How come people find it so hard to believe Bigfoot is real?

What bothers me is that we have no trouble looking into new species based on a single photo, video, etc., but people refuse to do the same for the Sasquatch due to hoaxers.

There has been no large-scale air and land investigation to date. If they live in cave systems or in the mountains, it's not likely you'll see them often, if ever. There are many parts of the PNW that will not see more than one human a decade, if that.

Sasquatch, at least, would live in the rainforests of PNW, meaning any corpses or other biological matter would biodegrade or be eaten rapidly - wolves and cougars are more than capable of fully consuming corpses, bones included (my own dog can completely consume bones; no reason a wolf can't do the same). I never see corpses or scat from well-known species, so I'm not sure this is a valid reason to rule it out. Fossils of any species are practically impossible to come by in the PNW climate, as well.

The food thing is kind of irritating, too, as bears are pretty low impact on their environment, but are the same size (sometimes bigger) as the reported size of the Sasquatch. It could very easily be the case that we've attributed Sasquatch eating habits to bears.

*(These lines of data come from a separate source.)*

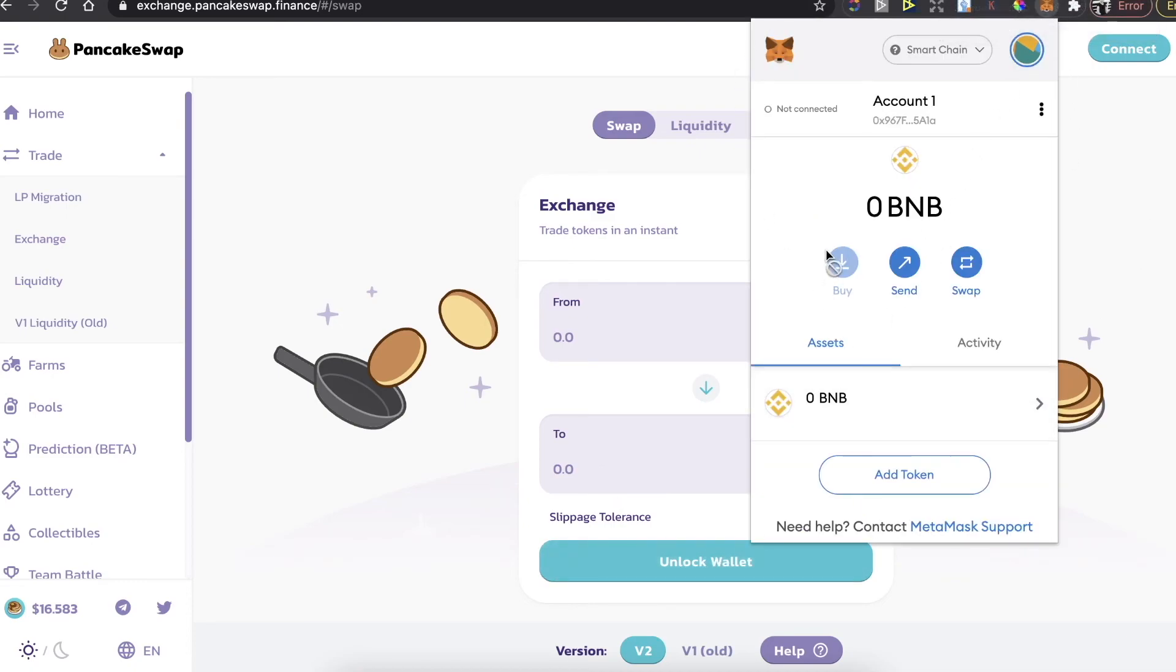That's it guys, that's how you buy Moochie coin on PancakeSwap and on MetaMask wallet. If this video was helpful, please like it and subscribe to this channel. Take care, bye!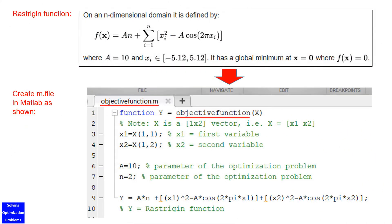Create an M file in MATLAB as shown. Pause the video and have a look at the M file to make sure that you fully understand it. Now, follow my instruction on how to use the GA Solver.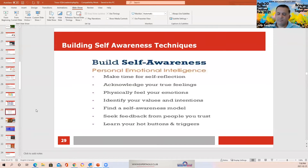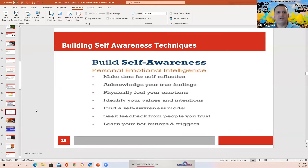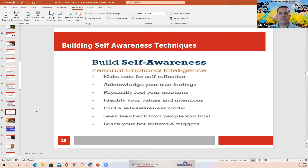Identify your values and intentions — what are your values, what is your intention? Also, seek feedback from people you trust, such as your spouse, partner, or close colleagues. Ask them: was I right or was I wrong? You should be in a position to accept that feedback. They may have seen the situation from a completely different angle. And importantly, learn your heart and your triggers — we'll touch on that in a couple of screens to come.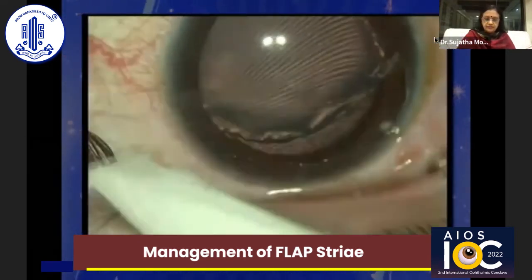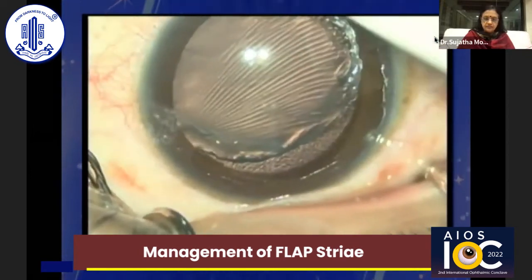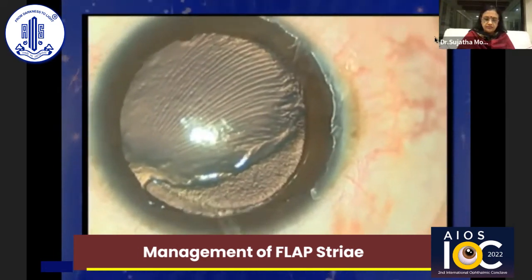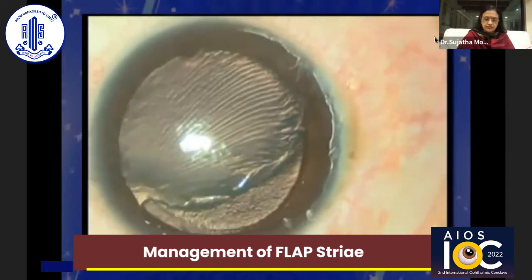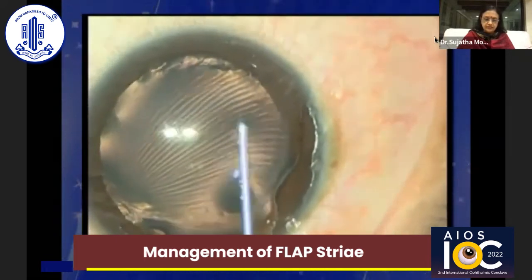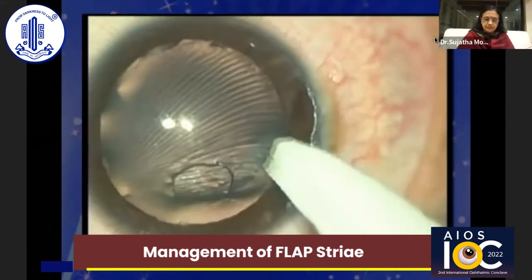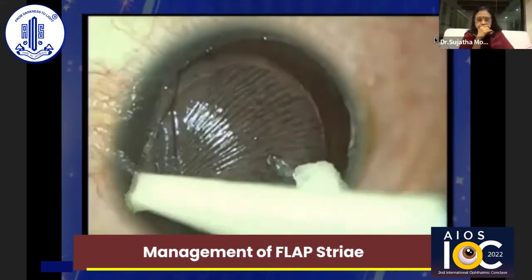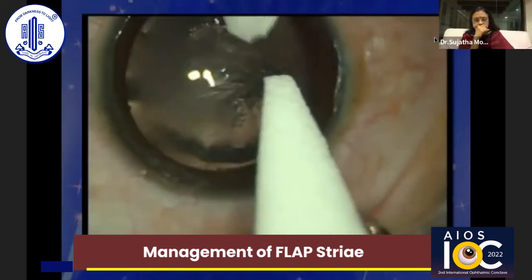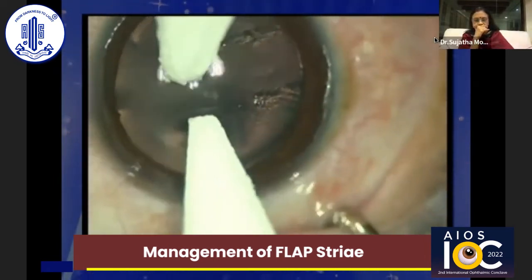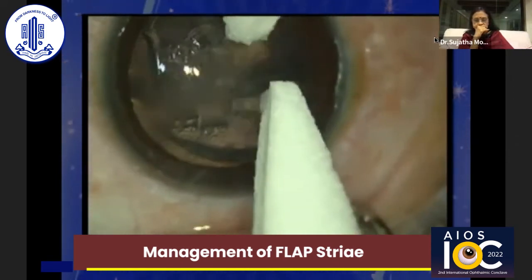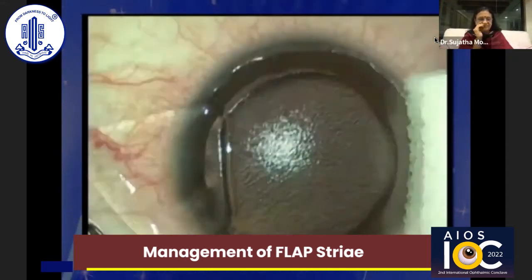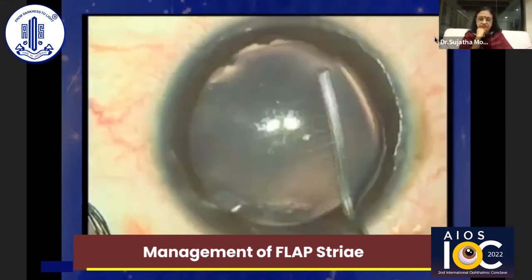The third case shows a similar situation with flap slippage, dense flap folds, and epithelial ingrowth. A Merocel sponge is used to completely remove all epithelium on the exposed stromal surface and a 2 mm margin around the flap. The flap is floated into position, the epithelium on the surface is also removed to facilitate removal of striae. Stretching the striae is done using two dry Merocel sponges perpendicular to the direction of the striae, and the flap is replaced after completely washing the interface.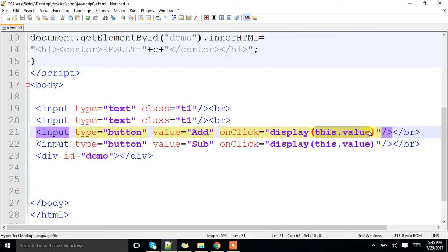'this' is a keyword available in JavaScript which is meant for referring the current component. So when I click on a particular button, 'this' means that particular button we are referring to. Whichever button you are clicking, that particular button's value — for example, 'add' — will be passed as a parameter to the display function.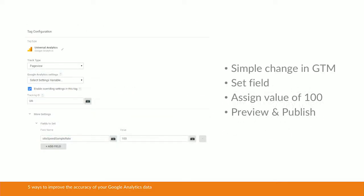If you've got Google Tag Manager enabled it's even easier. You go into Google Tag Manager, find your page view tag, go down to more settings, fields to set, set the site speed sample rate, assign it the value of 100, do your usual quality checks, preview, publish — and you're all good to go.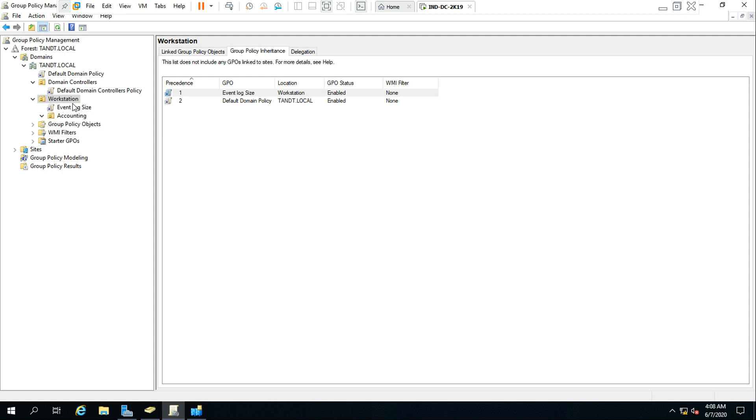So this is because this workstation OU belongs to this TNT local domain, so default domain policy is applied and event log size is also applied here. So these two GPOs will be applied here.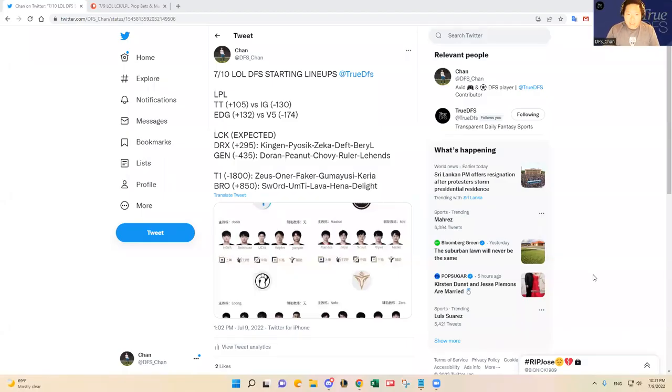Hello, everybody. This is DFS Chan, coming to you here to talk about July 10th, League of Legends DFS Slate.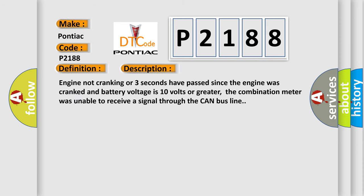Engine not cranking or three seconds have passed since the engine was cranked and battery voltage is 10 volts or greater. The combination meter was unable to receive a signal through the CAN bus line.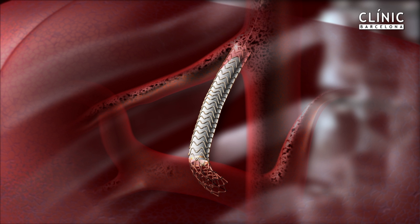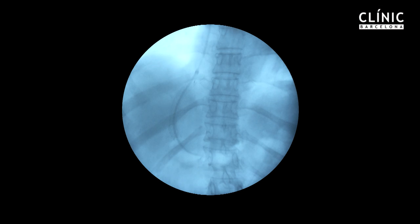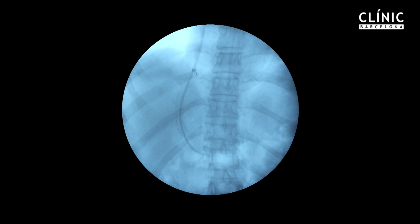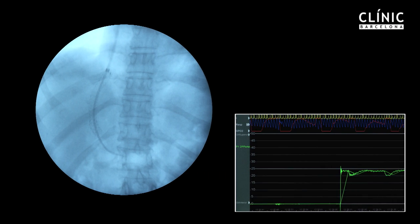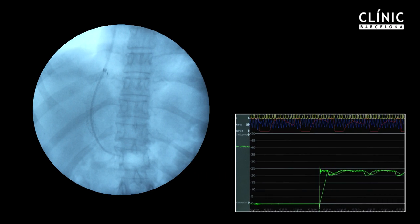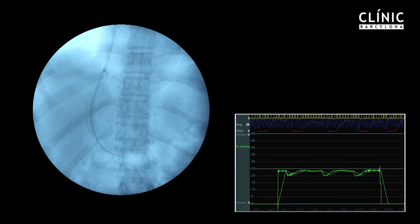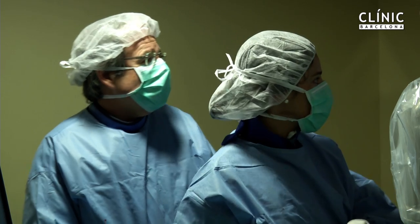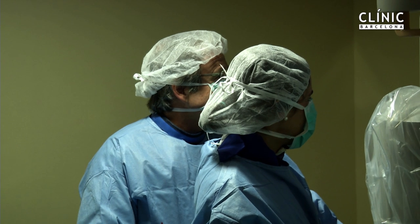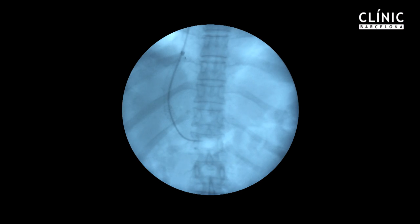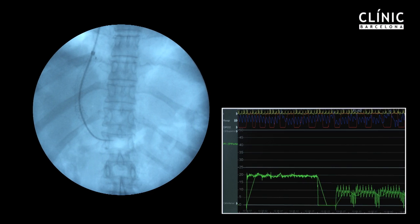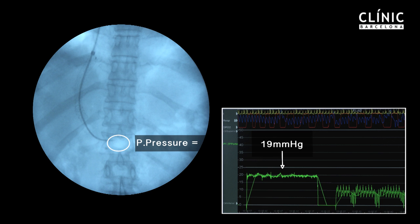Portal pressure is measured, though because the patient is still under deep sedation with important respiratory oscillations, this determination is only indicative. Ten to fifteen minutes after stopping sedation, once the patient is awake and recordings are stable, pressure measurements are determined again, showing a portal pressure of 19 mmHg and an inferior vena cava pressure of 8 mmHg.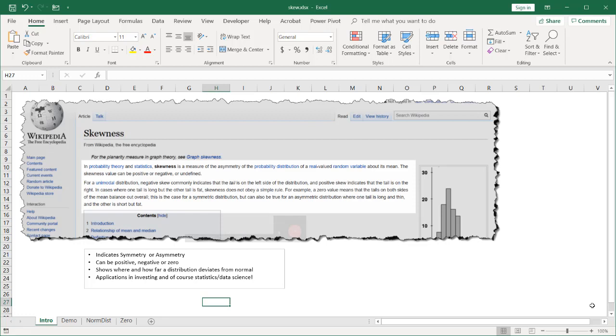Hi, in this video I'll cover how to use the skew function in Excel and how it can relate to a normal distribution.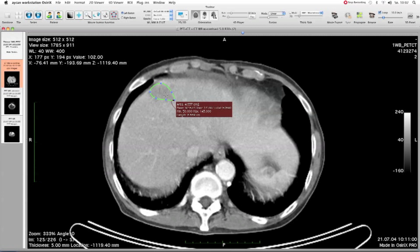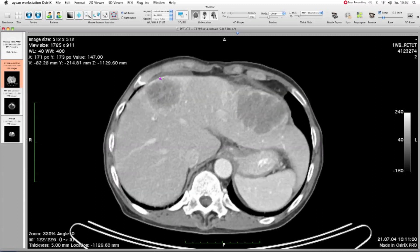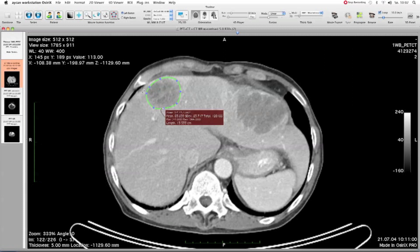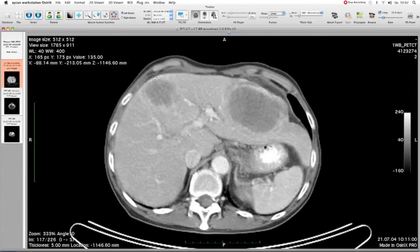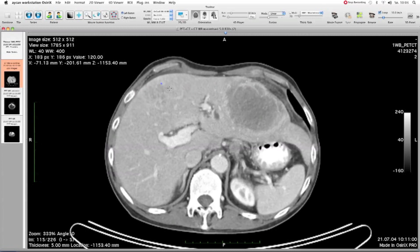I could do that on every single slice, but that may be a lot of work, so I let OsiriX assist me. I go down a couple of slices and do it again. The last click is a double-click, and if it doesn't fit we can move the points to adjust it. I go down a little bit more, do it again, and continue to the last slice where I can see the lesion.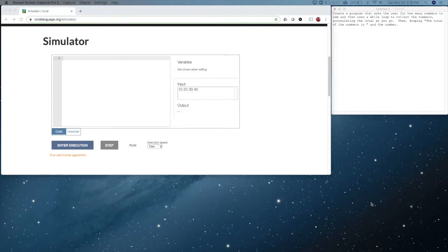Welcome to the week two choral video. Once again we're here with the simulator. You can find the simulator at chorallanguage.org slash simulator.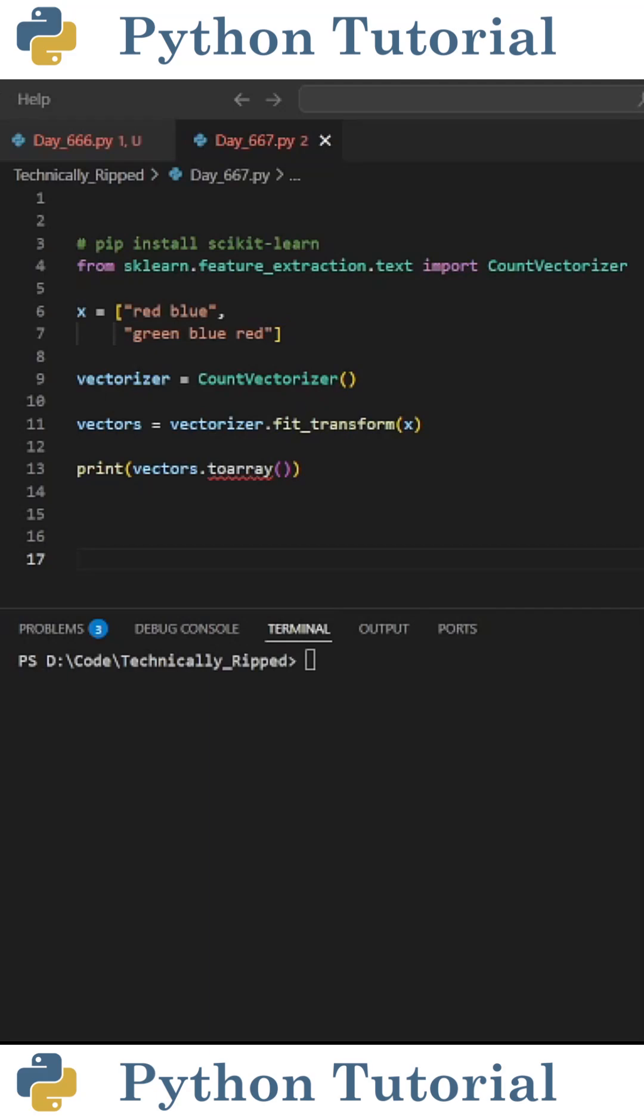Here's how to convert text into numerical vectors using Python. To follow along, you'll need the scikit-learn library installed.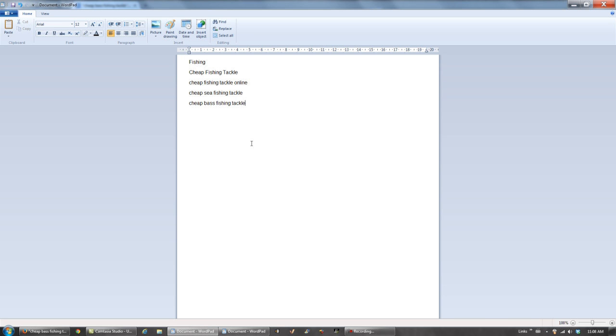And that's it for part two of how to do keyword research in 2014. In the next video, I'm going to show you what the titles of your blog post should be.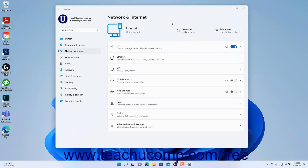To share your internet connection with other devices using a mobile hotspot in Windows 11 and view your mobile hotspot settings, open the Settings app window and then click the Network and Internet button at the left side of the screen to show the network and internet settings for your computer to the right. To turn on your mobile hotspot using the existing settings, click the Mobile Hotspot toggle switch to toggle it to the on position.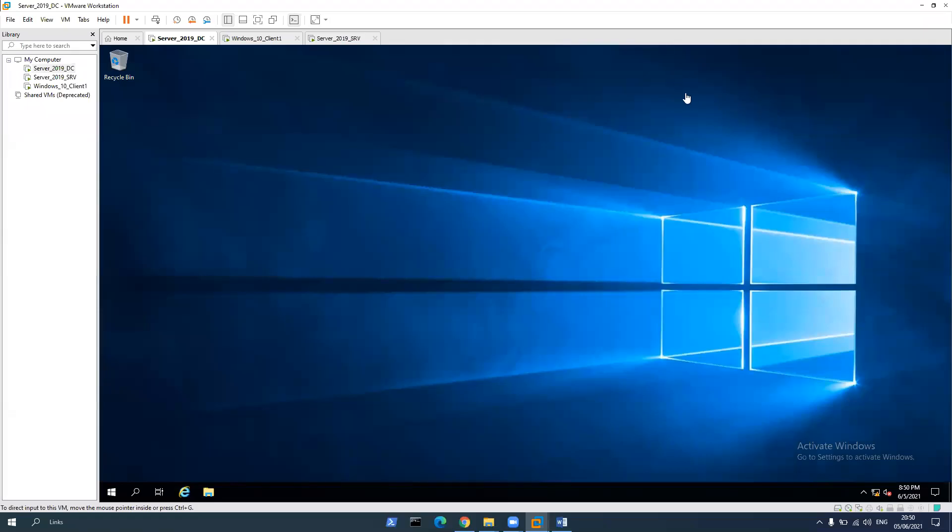Hello, everyone. What we're going to do now is to create an OU organizational unit. We're going to add users to organizational unit. And after that, we're going to add groups to organizational unit and add the users to the group. So let's get started.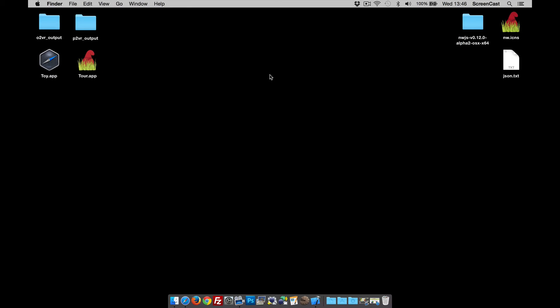Hi and welcome to this Garden Gnome Software screencast. This screencast is going to look at how to make a desktop app to open tours or objects made with Object 2VR or Pano 2VR.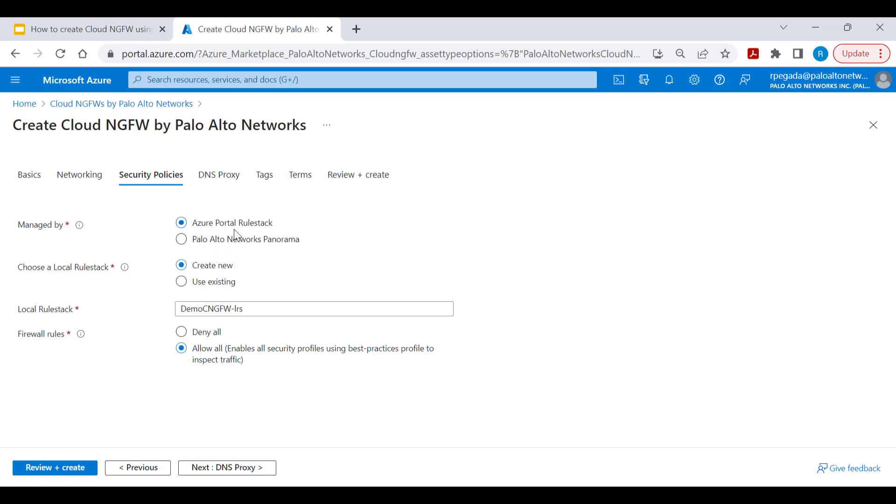A new rule stack will be automatically created as part of this workflow, or you can use an existing rule stack. You can also select a default rule, either allow all or deny all, when creating a new rule stack.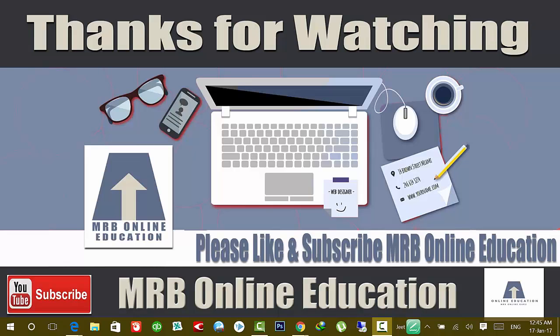Hello guys, welcome to MRB Online channel. Today in this video I'm going to tell you how to take a screenshot of an entire web page, no matter how big it is. Not only can you take a screenshot of the entire web page, but you can save it as a PDF file. So let's start.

As for the breeding population issue - there's been tribes in the Amazon we had zero idea about until the last decade (I believe there was one found within the last five years, but don't quote me on that). If it's a hominid, there's no real reason it has to have a massive breeding population if a tribe only 20-30 people strong has existed undetected.

I'm not convinced it exists, but I also would be wholly unsurprised if it did. There's been so many reports by otherwise completely credible people whose reputations could easily be ruined by belief in such a thing that it gets pretty hard to dismiss out of hand.